Harvard University, which the White House on Tuesday said is “close” to a $500 million agreement with the Trump administration after a monthslong pressure campaign, was not asked to sign the compact. Neither was Columbia University, which paid more than $220 million to restore its federal research money in July.
The compact is the latest effort by the Trump administration to impose the president’s ideological priorities and political policies on higher education in the US, and an example of how the administration’s demands escalate even after agreements are made.
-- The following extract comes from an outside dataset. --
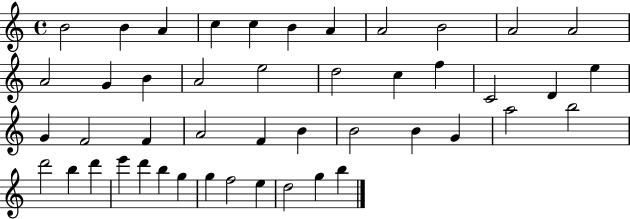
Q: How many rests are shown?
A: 0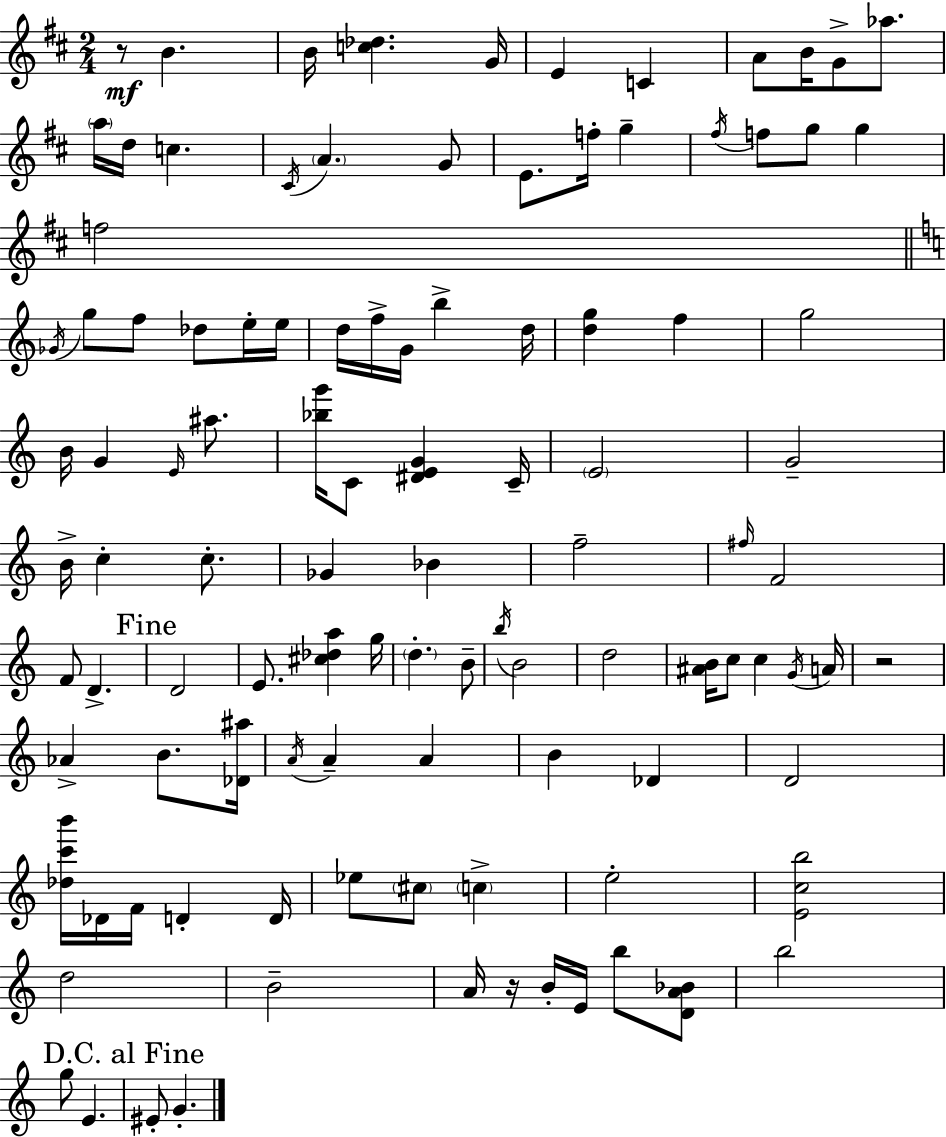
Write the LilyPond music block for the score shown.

Universities that sign the compact will receive a competitive advantage over their peers, White House officials said. While the Trump administration said federal funding would not be limited to the schools that sign the compact, those that do would be given priority for grants whenever possible, as well as invitations to White House events and discussions with officials, White House officials with knowledge of the contract told the Globe.
Ted Mitchell, president of the American Council on Education, said Brown’s inclusion on this list was a “cautionary tale” to other universities seeking to reach deals with the Trump administration to restore their funding and resolve federal investigations.
“Brown struck an agreement with the federal government, and yet here the federal government is a month later with another set of conditions,” Mitchell said. “Like countries are learning in tariff negotiations, institutions are learning that the institutions’ agreements really aren’t worth the paper that they’re written on.”
Spokespeople for MIT confirmed the university received the compact from the White House, but declined to comment further. A Dartmouth spokesperson declined to comment to the Globe. Brian Clark, a spokesman for Brown University, did not respond to the Globe’s request for comment.
Officials at the University of Texas responded enthusiastically to the Trump administration’s latest requirements for higher education.
“The University of Texas system is honored that our flagship — the University of Texas at Austin — has been named as one of only nine institutions in the U.S. selected by the Trump administration for potential funding advantages under its new Compact for Academic Excellence in Higher Education,” Kevin P. Eltife, the chairman of the University of Texas Board of Regents, said in a statement to the Globe on Thursday. “We enthusiastically look forward to engaging with university officials and reviewing the compact immediately.”
But the American Association of University Professors at Penn pointed out when an “invitation is accompanied by consequences for not accepting it, it is in fact a threat, not an invitation.”
“Penn must not allow itself to be threatened into ceding its self-determination,” the group said in a statement. “Whatever the consequences of refusal, agreeing would threaten the very mission of the university.”
It’s unclear if any of the other schools will sign onto the president’s compact, or whether the compact is legally enforceable. Representatives from Vanderbilt University, University of Virginia, University of Southern California, and University of Arizona did not respond to the Globe’s requests for comment.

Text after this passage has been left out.